What is at issue is not whether something is likely to occur by reference to any definite percentage or proportion of the population in whom the condition may occur, recur or deteriorate.
It is, as explained by the House of Lords, an issue of whether a doctor would consider there is a chance of something happening.
Consistent with the approach of Lord Rodger, it does not seem to me that the way in which a doctor would approach a condition that might deteriorate would be on the basis as to there being just a very small chance of it deteriorating or there being a small chance of it deteriorating but on the basis as to whether in terms of medical science in any given population it was a risk to which that population was exposed and that some proportion of that population would suffer a deterioration.
In the terms used by Employment Judge Gaskell, it seems to me that even if there is a small possibility of deterioration in a population that is enough to make it likely that it might result in the particular individual having such an impairment.
Moreover, it seems to me that one must be very careful with the concept of the effect of medical treatment. Mr Hills submits that if somebody could take steps that would result in the risk of future deterioration either being eliminated or very much reduced then if they failed to take steps, what the guidance of B7 envisages is that one will take account of their behaviour and if they have failed to use what is called in the guidance a coping or avoidance strategy then that person must be presumed not to be disabled.

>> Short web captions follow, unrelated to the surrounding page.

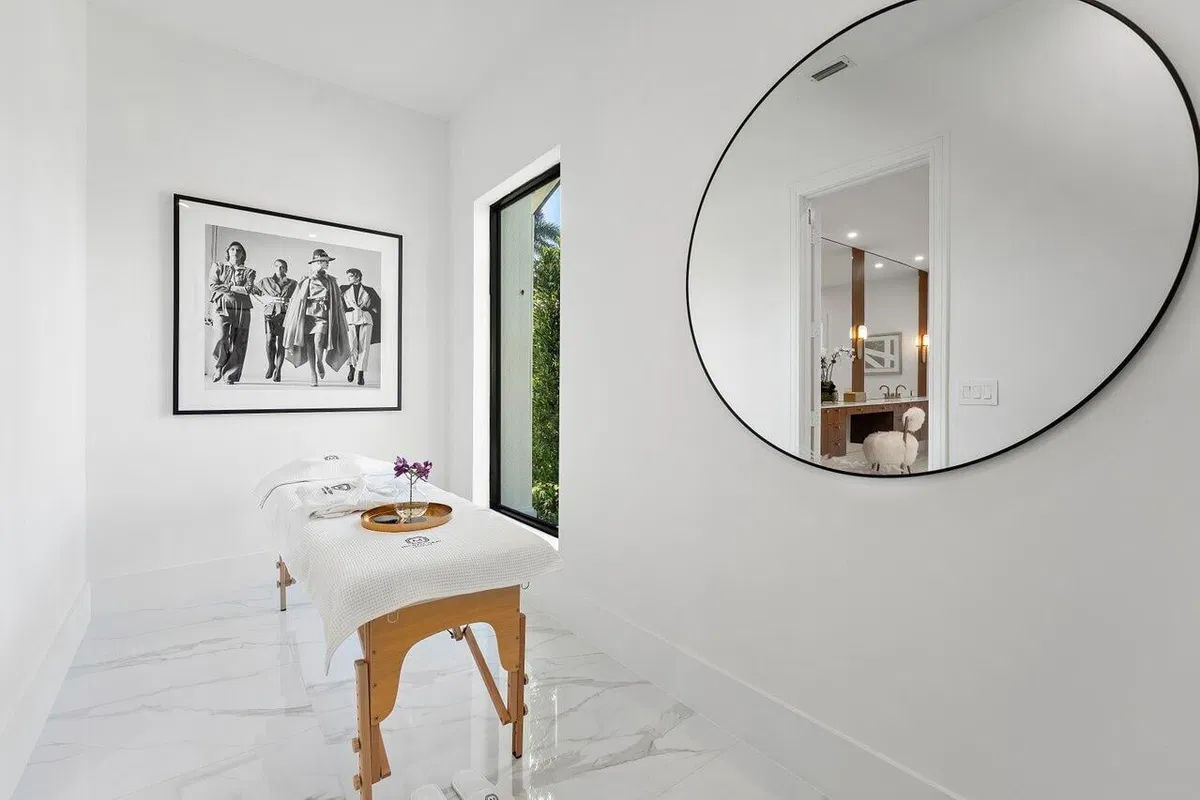 Bocaire Country Club Residence photo 22
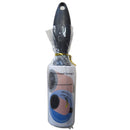 New Lint Roller Remover Dust Fluff Dog Cat Pet Fur Clothes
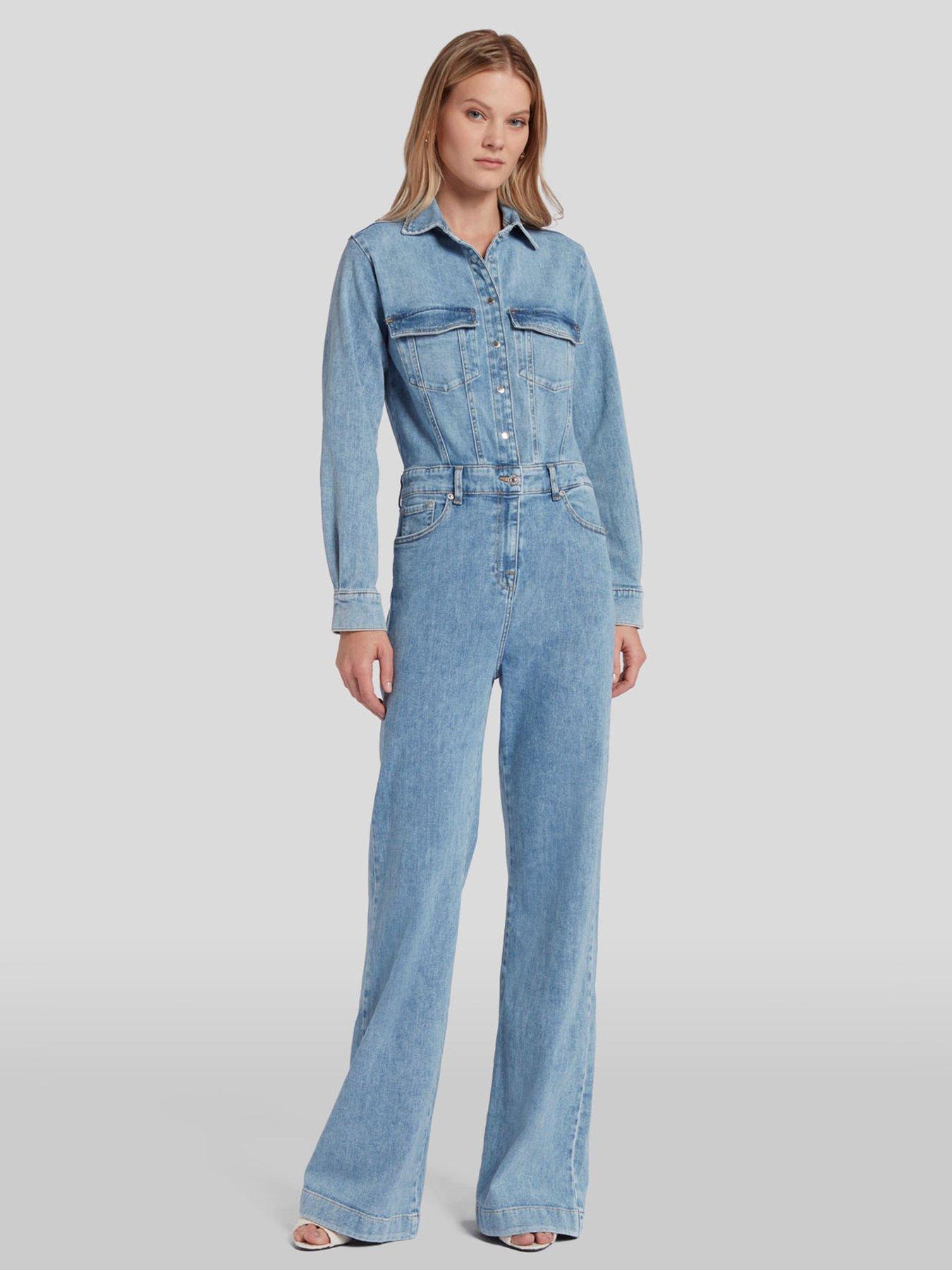 7-for-all-mankind-luxe-light-wash-jumpsuit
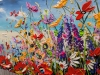 Flower waltz 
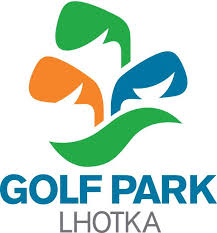 GOLF PARK LHOTKA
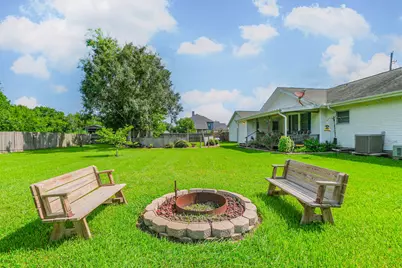 3524 Charles Avenue, Pearland, TX 77584 - Photo 13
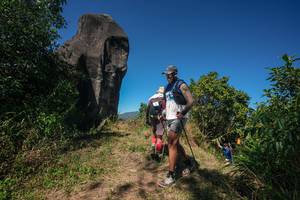 BIB: 
                            <button type="button" onclick="openModal(26578118)" class="btn btn-primary btn-sm float-right btn-popup" data-toggle="modal" data-target=".modal-high-quality">
                        <i class="fas fa-shopping-cart"></i> Add to Cart
                    </button>
                                            <button type="button" onclick="isThisMe(26578118, true)" class="btn btn-success btn-sm float-right btn-popup btn-isme hidden" data-toggle="tooltip" data-placement="bottom" title="นี่คือรูปของคุณใช่ไหม คลิกที่นี่เพื่อเอาเข้าอัลบั้ม">
                        <i class="fas fa-plus"></i> Add to album
                    </button>
                    <button type="button" onclick="isThisMe(26578118, false)" class="btn btn-warning btn-sm float-right btn-popup btn-isnotme hidden">
                        <i class="fas fa-ban"></i> Remove from album
                    </button>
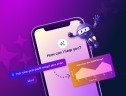 From Chat to Charts: Build an AI-Powered .NET MAUI Chatbot That Converts Text into Charts
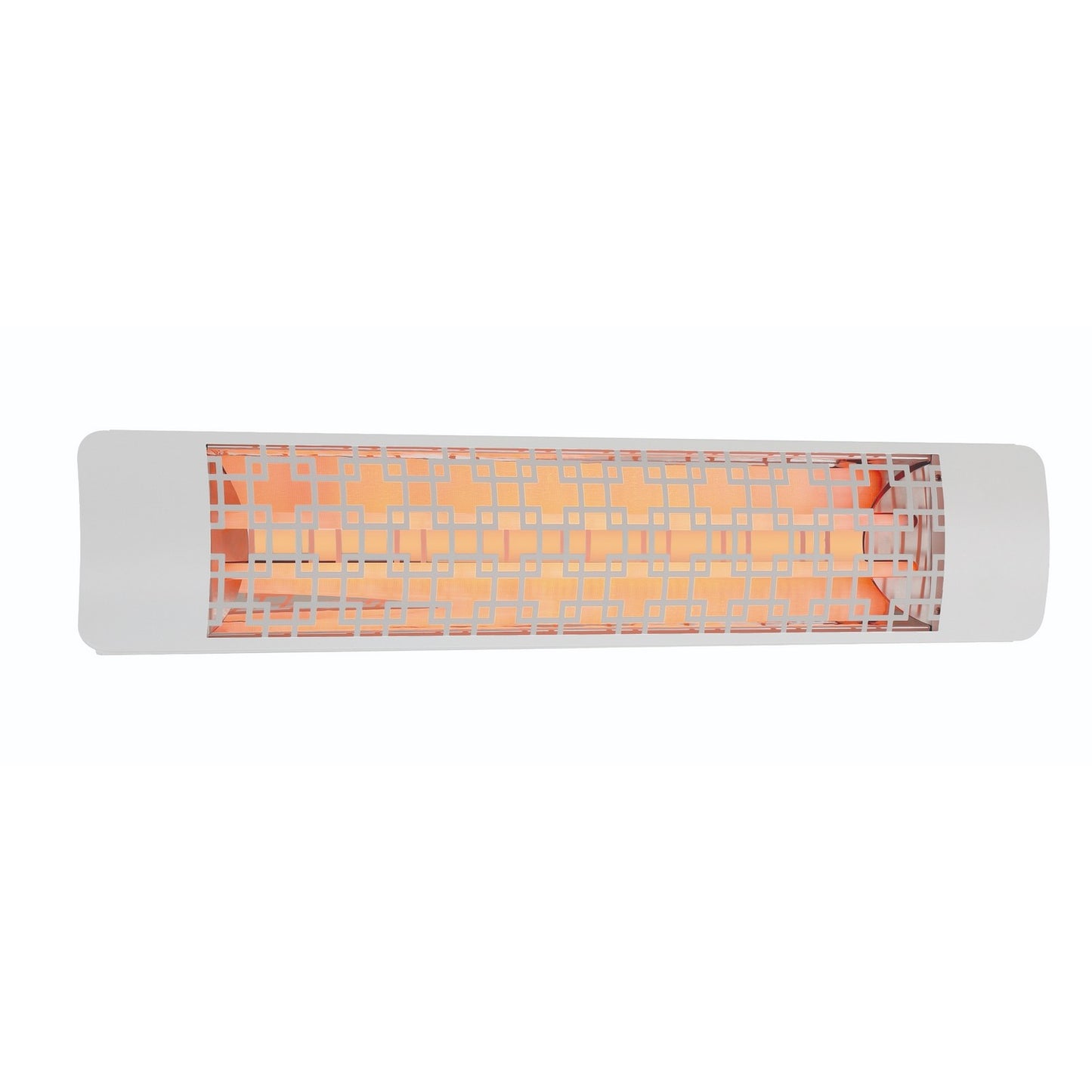 Eurofase-EF40277W5|MAIN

He says that the way in which Employment Judge Gaskell has interpreted Dr Hurel is that the chances are that if the Appellant modifies his lifestyle, exercises and is careful in terms of diet then his condition is not likely to result in the impairment having a substantial adverse effect in the future and if he does not modify his lifestyle then that is unreasonable conduct on his part.
That is how paragraph 8 2 is intended to work. Plainly, looking at paragraphs 14 and 15, that is how Employment Judge Gaskell approached this matter.
Mr Young pointed out the wording of paragraph B10, which I referred to earlier, and said that meant the possibility of somebody being unable to keep to a particular regime notwithstanding its health-giving benefits is something that ought to also be taken into account and this was clearly so in the case of the Appellant.
This is how the words of Dr Hurel should be interpreted. In ground 3, it is said that the Judge erred by taking into account wrong lifestyle choices on the part of the Appellant and these were not measures under paragraph 5, as was demonstrated by the Metroline Ground 4 simply makes the general proposition that there was inadequate evidence for the finding at paragraph 14 that there would be no adverse impact on the ability to carry out normal day-to-day activities.
It seems to me that this case has been tackled by Employment Judge Gaskell on the basis of the material that he had before him.